I admit, my most basic support and admiration of GWB comes from his ‘not so simple act’ of doing SOMETHING. Something, to stop our descent into appeasement and eventual disappearance, as a force for good in this world. One can either believe that or not. I happen too. (to or too, I have no idea)
Sep 1, 2006 - 8:22 pm 27. ElMondo:Sophisticated?
Sorry… I’m still trying to figure out exactly how clichÈ,†strawman arguments, wishful thinking, and cartoonish exaggeration can be considered sophisticated.
Sep 1, 2006 - 9:36 pm 28. David Tomlin:It’s a ‘British docudrama’. Can’t Bush sue in the UK if he wants to?

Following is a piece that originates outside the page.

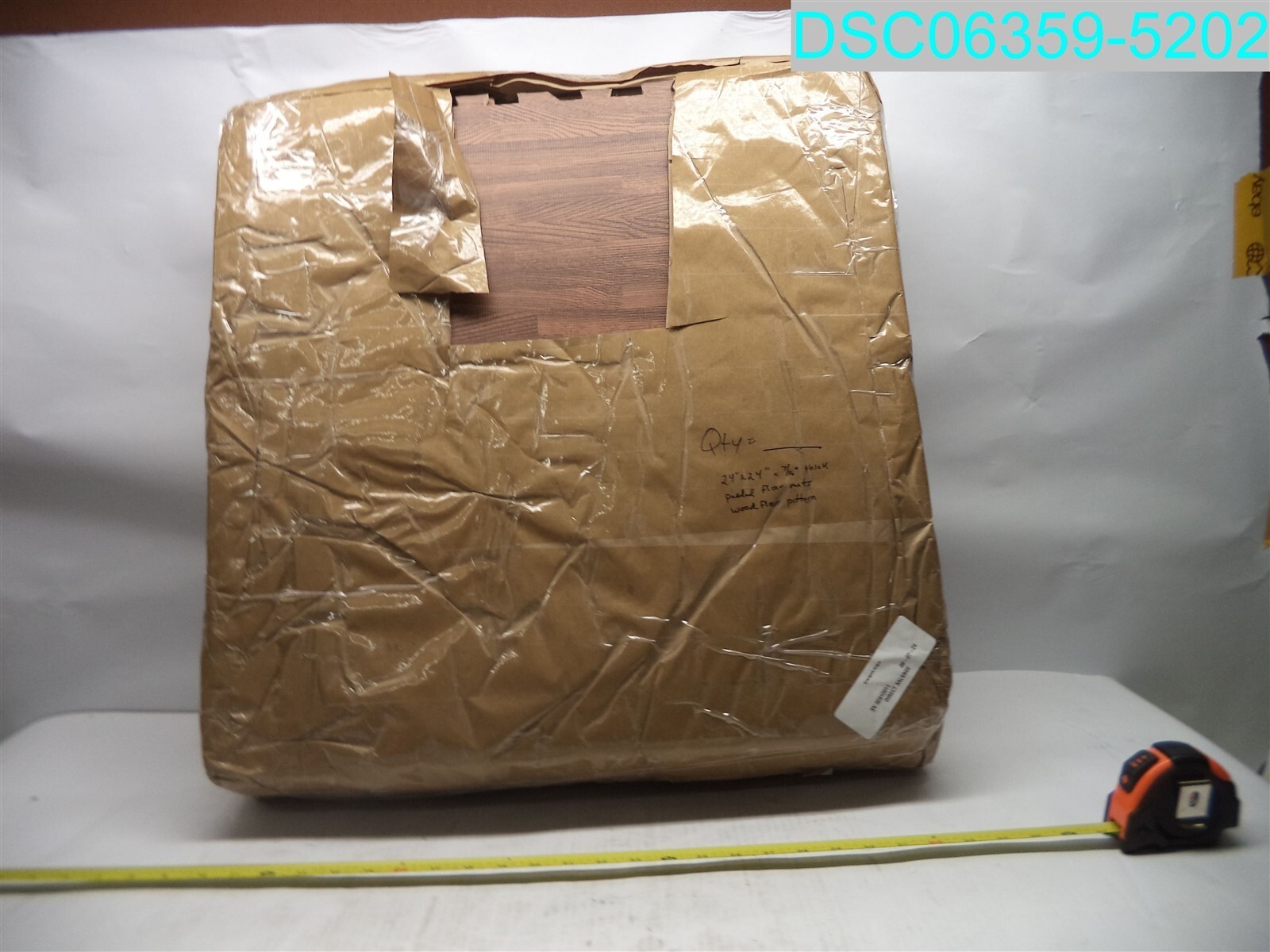 QTY=12: Wood Grain Floor Tiles Foam Interlocking Mats 24″ X 24″ x 7/16″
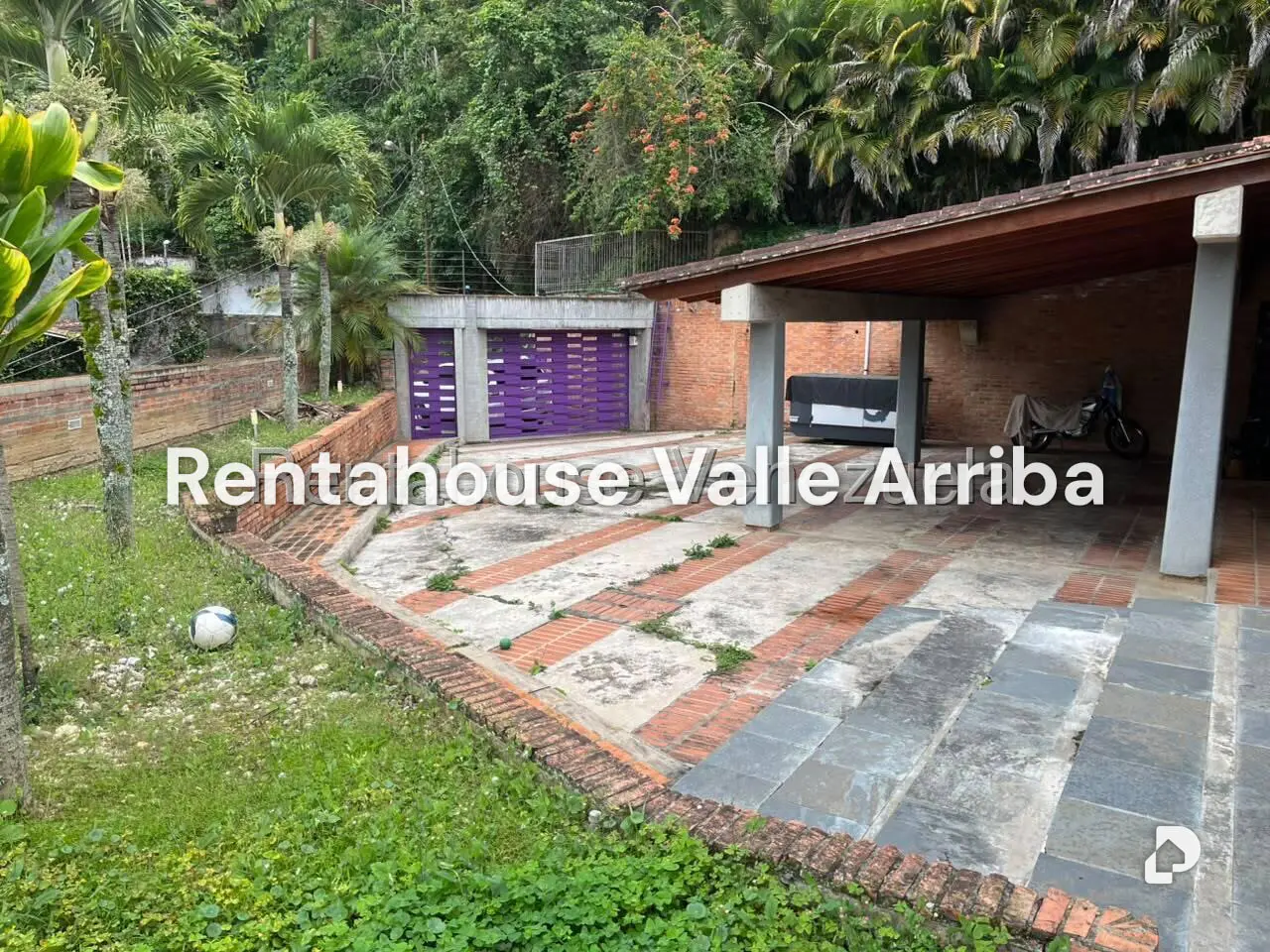 Casa en El Hatillo, Caracas – 30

Sep 2, 2006 - 12:00 am 29. David Tomlin:It doesn’t wash off one ounce of the filth, but it is somewhat consoling to know that this film will cost the Democratic Party.
When my neighbor (a registered independent) heard about this movie, he said “The Democrats can’t be that stupid, can they? Guess I’ll have to vote for whoever the GOP runs in 2008″.
The Dems are killing themselves by making this personal.
The film was made in Britain, but some people can’t wait to vaguely blame it on, or somehow associate it with, ‘the Democrats’.
Will it ‘cost’ the Democrats in the midterm elections, by creating sympathy for Bush? Possibly. But I doubt the effect will be significant if it exists at all.
However, he seems to never, ever be given a fair shake, and is constantly under the worst vitriolic attacks — like this one.
I understand the film depicts an anti-war demonstrator committing a political assassination. That sounds more like an attack on anti-war demonstrators than on Bush.
Sep 2, 2006 - 1:52 am 30. HA:Well, my limb just snapped. Fortunately, there was a much larger and sturdier one directly beneath my previous perch.
http://powerlineblog.com/archives/015171.php
No, peace and harmony didn’t reign after Bush was murdered. Rather, the REAL jack-booted fascists from Cheney on down finally got on with destroying civilization. How sophisticated! Braaa-Vo!!!
What is really going on here is that leftists have to invent imaginary, strawman fascists to demolish in order to overcome the dissonce due to their cowering before the real, turbaned ones.
I wonder if these self-proclaimed “sophisticated” and supposedly “brave” filmakers would dare show the Theo Van Gogh film “Submission” along side their simple-minded drivel.